The yokomono are Japanese electronic toys, battery-powered miniature cars, with a record player's needle on the underside and a small speaker inside. SSS employs a fleet of ten yokomono cars retrofitted with small FM radio transmitters inside them and with antennas on their roofs. The sounds transmitted by the tiny cars are received by ten battery radios – in flaming red, like the cars. The vinyl records are placed on a table, and the miniature cars are set to drive in a circle on them. One of the uncertainty factors is that the cars are battery-powered: the batteries don't last for very long, and, eventually, the speed of the cars as well as the frequencies of the radio transmitters begin to fluctuate, resulting in the transmitters skipping from one frequency to another. Another factor is the shoddiness of the cars' cheap styluses; SSS calls them "vinyl killers".

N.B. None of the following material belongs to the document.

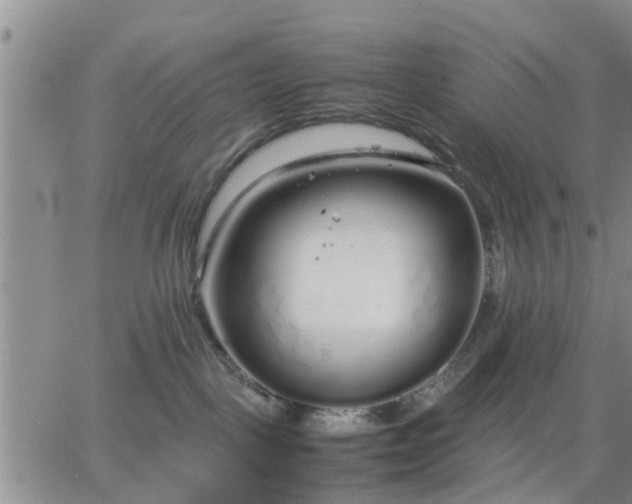 X0000064730093200602171653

The confusion is confounded by the nature of the records the vinyl killers are playing. For "DJ gigs" like this, SSS has released two Yokomono vinyl records featuring their favourite artists – pioneers of experimental music like Phill Niblock and Charlemagne Palestine, as well as names familiar from Avanto such as Ilpo Väisänen of Pan Sonic, Radian, Goodiepal, Fennesz, and Carl-Michael von Hausswolff. Each of the artists was asked to produce five sound loops of exactly 1.8 seconds. This is the duration of one revolution of a long-playing vinyl record. Moreover, the records have been pressed using locked groove technique, i.e. the needle of the turntable, or in this case of the toy car, will lock endlessly on one single 1.8-second groove of the record.

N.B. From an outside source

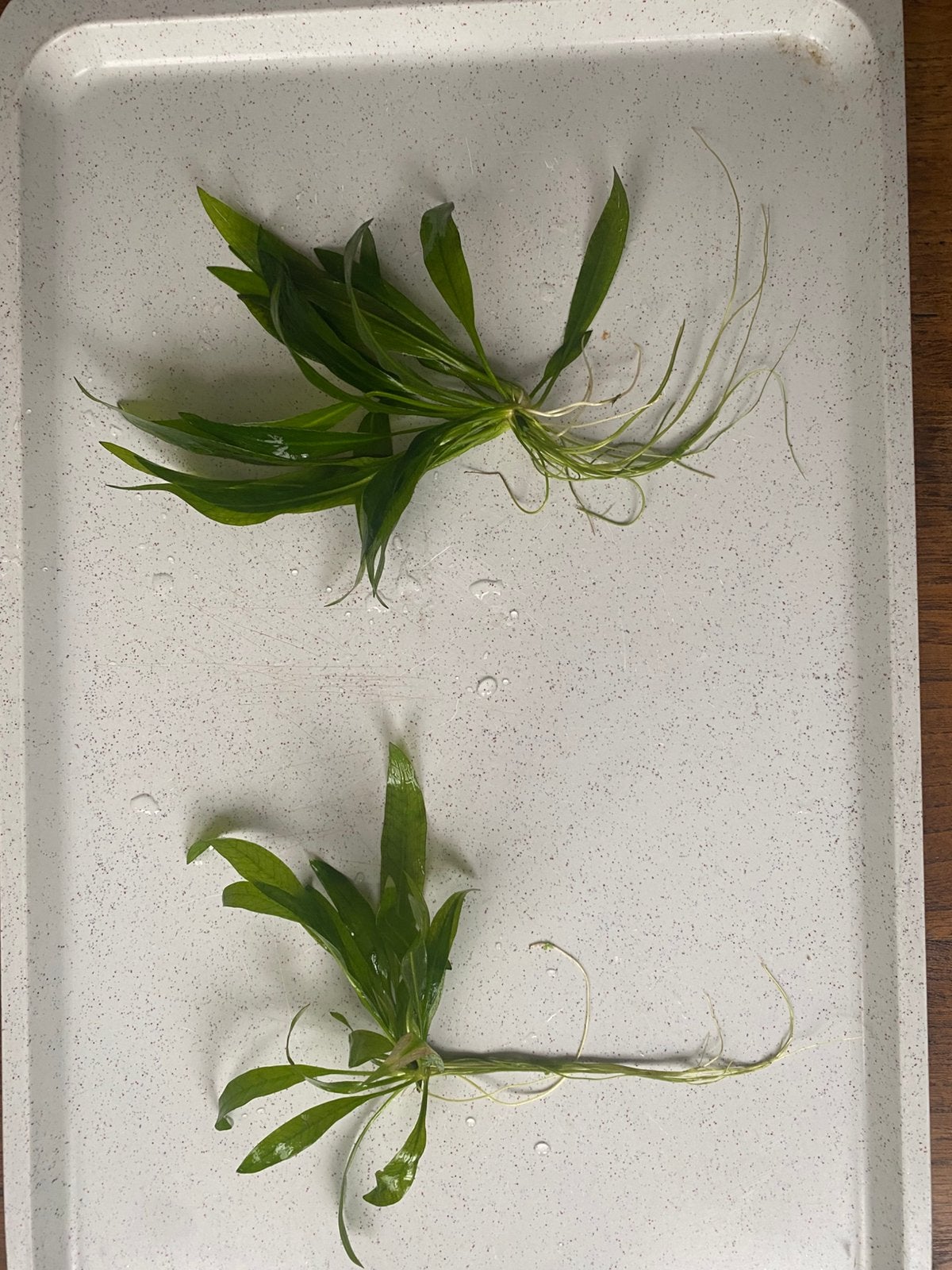 Aquarium planten gratis, Enlèvement, Comme neuf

For the Avanto Nightclub, SSS decided to compile a thematic Yokomono vinyl release. The theme: Helsinki and its environmental sounds. The other half of Pan Sonic, Mika Vainio, a resident of Berlin like SSS, was commissioned to produce a seven-minute composition. Petri Kuljuntausta from Helsinki was, in turn, asked to provide a composition of an equal length responding to Vainio's piece. The sound material to be used for the compositions, field recordings from the turn of the 1960s and 1970s made at the Hietalahti shipyard in Helsinki, was discovered in the special effects archive of YLE Finnish Broadcasting Company. These sounds have a personal dimension for both composers: Vainio spent a part of his childhood living near the dockyard, while Kuljuntausta has used sounds recorded from inside ships' hulls as material for his earlier works.

Yokomono 03 will be pressed using an even more exotic method than the previous ones. The grooves holding the two compositions by Vainio and Kuljuntausta cross with each other for their entire duration. What this amounts to is that every 1.8 seconds, the needle may skip from Vainio's piece to Kuljuntausta's composition and vice versa – for as long as the batteries last.

The other side of the record features the traditional loops of 1.8 seconds, commissioned from Blixa Bargeld, Merzbow, Main, Alexei Borisov, Donna Summer, G.X. Jupitter-Larsen, Andrey Kiritchenko, Zbigniew Karkowski, Un Caddie Renversé Dans l'Herbe and Ditterich von Euler-Donnersperg, with five loops from each featured artist and their own sound environments. Avanto is the co-producer of this unique release, which will be on sale at the festival venues!